If you’ve lost me here — then I seriously applaud you for your ability to stay grounded in the present. But if you’re with me — really think about this for a moment…

This is “it”. Everything you have done and everything you are doing is your show. There isn’t anything you need to practice for. You are already in the performance. All you need to do is get up on the stage and dance and sing and twirl and laugh and cry and make the very most of the time you’ve been given to perform in the greatest arena there ever was — the arena that is your life!

For me, this mindset shift has been immensely helpful in pulling myself back to the present over and over again. By doing so, I find myself more often living in what is happening, and not what I wish were happening. Since I began this journey down the path of chronic illness and healing, it’s felt like the “show” part of my life has been on hold, that all of this can’t be my real life; that I should just focus on how I’m going to really live once I am better; that this is just something I have to “get through”. But this right now can be my life, and more importantly — it is. And I don’t want to waste any of it forgetting that.

With even a few hours of distance from my most challenging days — from migraines that have brought me to my knees in tears, to traumatic ER experiences or procedures that I’ve had — I can appreciate these experiences as a part of my show. Although gnarly and unpleasant scenes, they are nonetheless, part of my story. Those moments, days or seasons of extreme pain and anguish are teaching me so much about myself and this world.

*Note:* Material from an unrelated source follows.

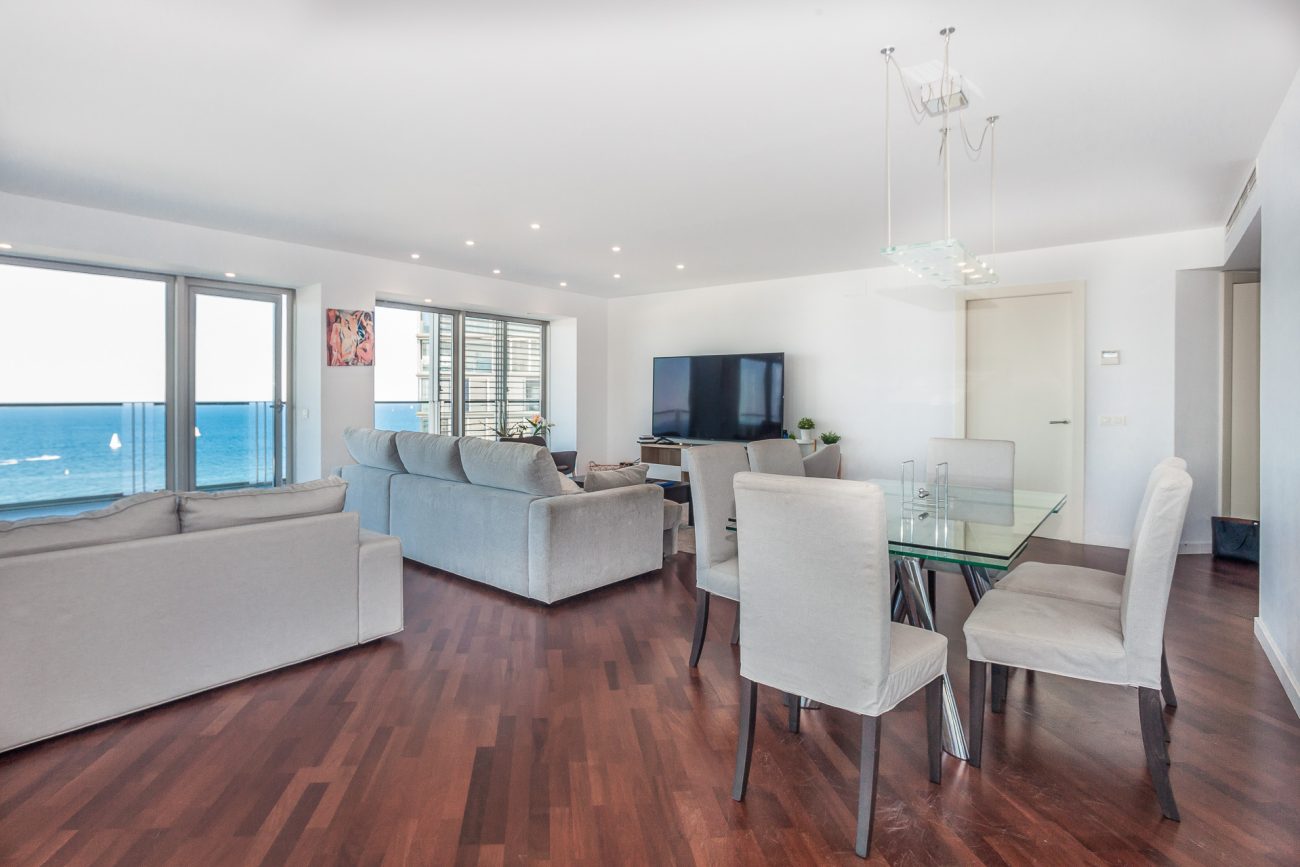 Exclusivo apartamento con vistas en primera línea de mar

In the same way, experiencing deep grief has finally started to present me with lessons that I am ready to see and hear. In the past three years, I’ve lost three people to whom I was extremely close. Each of those losses has felt like a powerful blow; too terrible to be true and impossible to fit into the narrative of my life. I’ve learned the through painful personal experience that there is no guarantee that we will be given the chance to tell those we love the thoughts and feelings that we most want them to hear. That those final words, “I love you”, “thank you for all you’ve done to shape my world and life” or “you’re one of the most important role models I’ve ever had” may go unsaid. I now know if I don’t say what is in my heart in the present moment, and am living life in “dress rehearsal mode”, I may not be given a “final performance” in which to say them again.

One of the deepest shifts I’ve experienced has been waking up to my life, waking up to the fact that I am in the final show. I find it ironic that deep struggle and total surrender are what have led me to this point; to a place where I can choose to see hope when nothing is guaranteed, to see possibilities in the midst of impossible situations. It is in those moments where I become aware of and can appreciate the power of gratitude, mindset, perception and breath; that I am the creator of my reality, and deeply aware with every fiber of my being that I only have one shot at this. And I realize that the more I allow myself to be falsely lulled into dress rehearsal mode, the more I slip away from the fundamental truth that this is it.


So, I continue to use this mantra to ground myself in moments when I get swept away by thought: this is not a dress rehearsal, this is it.

It motivates me to find gratitude and peace for the opportunity to be here, on this stage, even during the worst scenes of the show. It motivates me to speak my truth, even if my voice shakes; to send text messages and handwritten letters to the people I love most, just because. To laugh and dance in moments of low pain and joy like it’s the only chance I’ll ever get to do so — because, it is. To choose to see possibility in the uncertainty that is woven into every moment and every day of our lives. To find ways to connect to the intense gratitude of this precious gift; of being and living and doing and loving and breathing on this earth.